Assignment => Send back exactly the lines from the opening line of the records below through the one with "white button up shirt on brown wooden table".

Records provided =>
%%
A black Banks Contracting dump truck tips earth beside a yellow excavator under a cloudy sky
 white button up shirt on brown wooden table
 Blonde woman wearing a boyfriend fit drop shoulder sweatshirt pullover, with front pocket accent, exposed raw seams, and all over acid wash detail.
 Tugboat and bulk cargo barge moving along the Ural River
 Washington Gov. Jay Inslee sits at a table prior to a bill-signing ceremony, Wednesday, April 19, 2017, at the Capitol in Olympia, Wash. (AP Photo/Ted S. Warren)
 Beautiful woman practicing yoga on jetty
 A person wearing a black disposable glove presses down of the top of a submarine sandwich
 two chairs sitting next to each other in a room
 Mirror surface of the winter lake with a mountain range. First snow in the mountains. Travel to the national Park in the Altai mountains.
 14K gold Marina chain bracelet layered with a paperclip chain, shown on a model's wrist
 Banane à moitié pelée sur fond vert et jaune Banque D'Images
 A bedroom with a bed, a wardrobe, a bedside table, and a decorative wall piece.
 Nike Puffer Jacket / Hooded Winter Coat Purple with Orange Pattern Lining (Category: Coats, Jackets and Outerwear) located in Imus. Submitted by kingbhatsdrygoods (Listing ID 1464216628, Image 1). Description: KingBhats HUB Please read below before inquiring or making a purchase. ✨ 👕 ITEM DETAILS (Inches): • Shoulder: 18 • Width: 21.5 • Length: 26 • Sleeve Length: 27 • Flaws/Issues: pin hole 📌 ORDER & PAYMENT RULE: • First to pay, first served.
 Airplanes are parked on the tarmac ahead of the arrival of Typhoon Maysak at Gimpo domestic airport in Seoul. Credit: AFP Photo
%%
Task response =>
A black Banks Contracting dump truck tips earth beside a yellow excavator under a cloudy sky
 white button up shirt on brown wooden table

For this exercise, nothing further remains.